I searched for (Eq a) => [a] -> [a] on Hoogle .

First result was nub (remove duplicate elements from a list).

Hoogle is awesome.

The nub function from Data.List (no, it's actually not in the Prelude) definitely does something like what you want, but it is not quite the same as your unique function. They both preserve the original order of the elements, but unique retains the last occurrence of each element, while nub retains the first occurrence.

You can do this to make nub act exactly like unique , if that's important (though I have a feeling it's not):

unique = reverse . nub . reverse

Also, nub is only good for small lists. Its complexity is quadratic, so it starts to get slow if your list can contain hundreds of elements.

If you limit your types to types having an Ord instance, you can make it scale better. This variation on nub still preserves the order of the list elements, but its complexity is O(n * log n) :

import qualified Data.Set as Set

nubOrd :: Ord a => [a] -> [a] 
nubOrd xs = go Set.empty xs where
  go s (x:xs)
   | x `Set.member` s = go s xs
   | otherwise        = x : go (Set.insert x s) xs
  go _ _              = []

In fact, it has been proposed to add nubOrd to Data.Set .
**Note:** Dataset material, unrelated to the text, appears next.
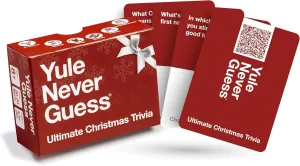 Ultimate Christmas Trivia Card Game - 110 Cards - 3 or More Players - Ages 8 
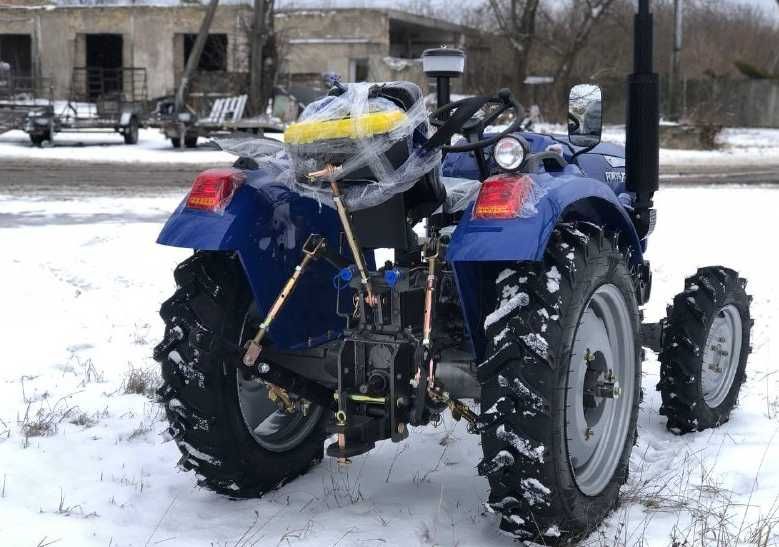 Мінітрактор Forte XT-244 LUX 4х4 24 к.с. коробка 4+1 Трактор Форте 244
import Data.Set (toList, fromList)
uniquify lst = toList $ fromList lst

I think that unique should return a list of elements that only appear once in the original list; that is, any elements of the orginal list that appear more than once should not be included in the result.

May I suggest an alternative definition, unique_alt:

    unique_alt :: [Int] -> [Int]
    unique_alt [] = []
    unique_alt (x:xs)
        | elem x ( unique_alt xs ) = [ y | y <- ( unique_alt xs ), y /= x ]
        | otherwise                = x : ( unique_alt xs )

Here are some examples that highlight the differences between unique_alt and unqiue:

    unique     [1,2,1]          = [2,1]
    unique_alt [1,2,1]          = [2]

    unique     [1,2,1,2]        = [1,2]
    unique_alt [1,2,1,2]        = []

    unique     [4,2,1,3,2,3]    = [4,1,2,3]
    unique_alt [4,2,1,3,2,3]    = [4,1]

I think this would do it.

unique [] = []
unique (x:xs) = x:unique (filter ((/=) x) xs)

Another way to remove duplicates:

unique :: [Int] -> [Int]
unique xs = [x | (x,y) <- zip xs [0..], x `notElem` (take y xs)]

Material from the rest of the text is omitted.